Your objective: Copy exactly the lines of the material below that run from the one containing "Gaming Level 17" through the one containing "Vector Illustration with". Copy no other lines.

Data records Start Marker

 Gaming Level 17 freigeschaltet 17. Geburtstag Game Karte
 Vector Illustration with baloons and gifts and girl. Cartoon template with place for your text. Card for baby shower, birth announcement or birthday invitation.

Data records End Marker
Data records Start Marker

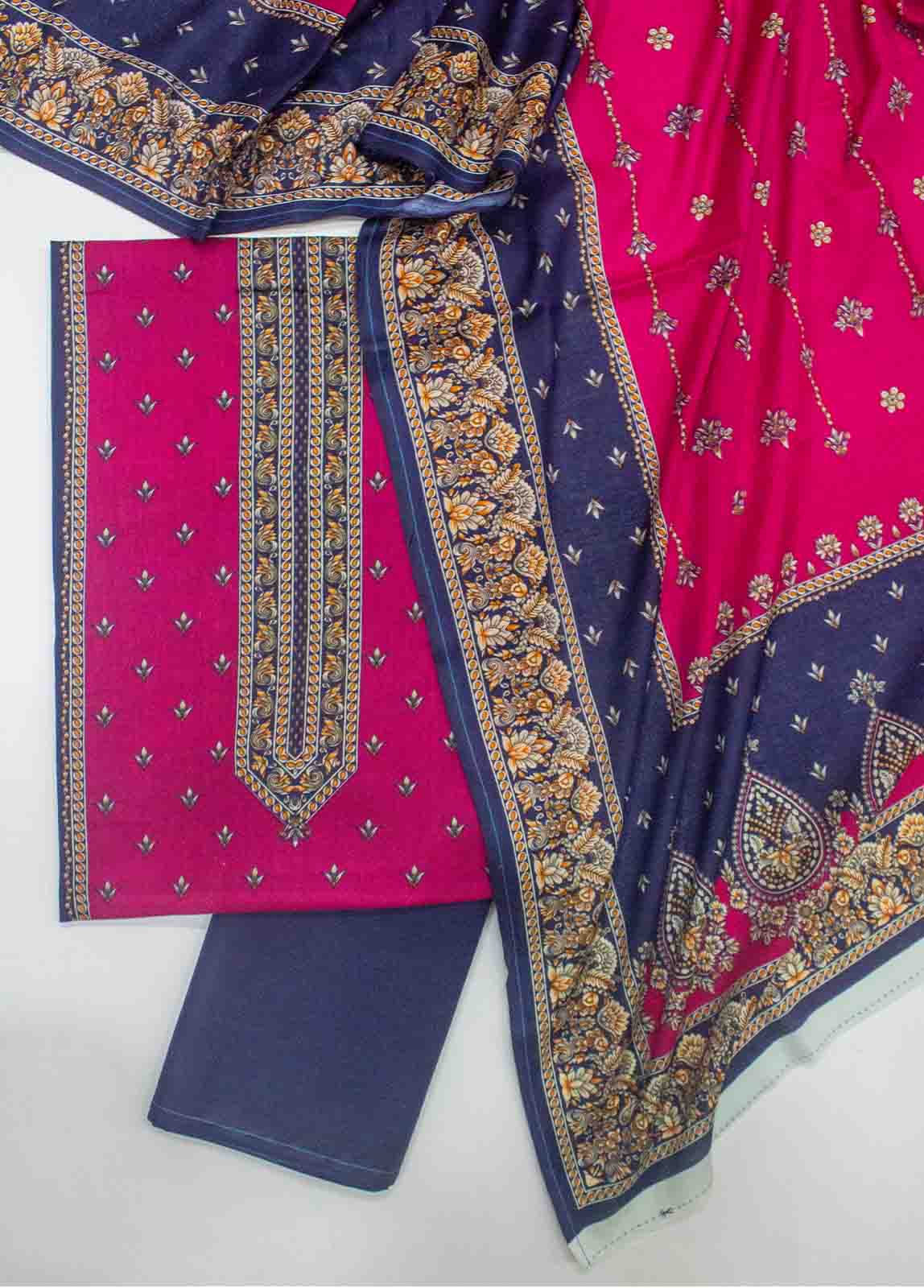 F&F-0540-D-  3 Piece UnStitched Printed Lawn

Data records End Marker
Data records Start Marker

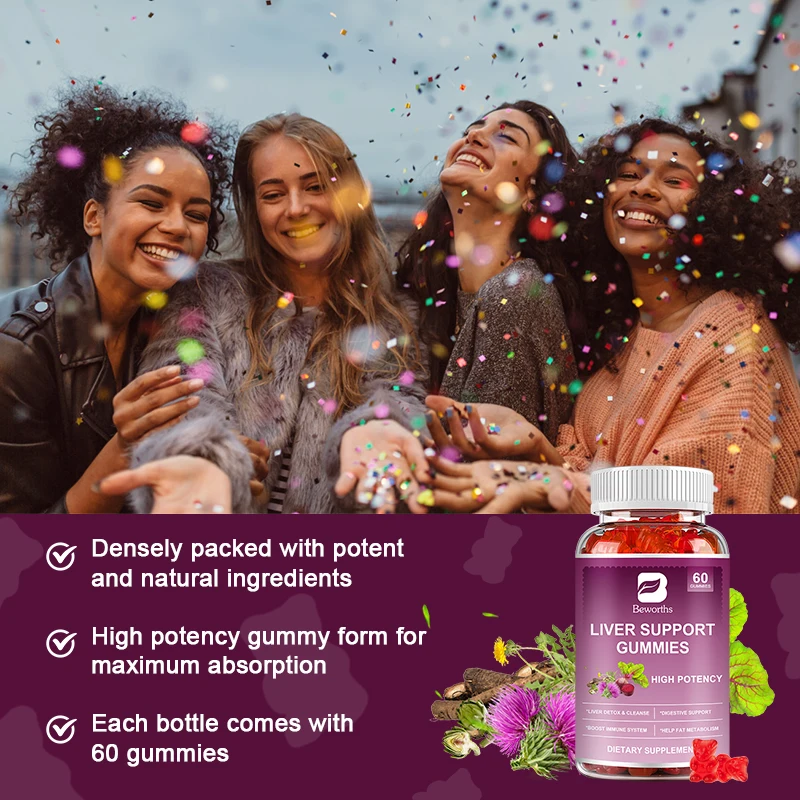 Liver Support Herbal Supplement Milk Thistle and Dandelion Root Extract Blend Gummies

Data records End Marker

Expected answer:
 Gaming Level 17 freigeschaltet 17. Geburtstag Game Karte
 Vector Illustration with baloons and gifts and girl. Cartoon template with place for your text. Card for baby shower, birth announcement or birthday invitation.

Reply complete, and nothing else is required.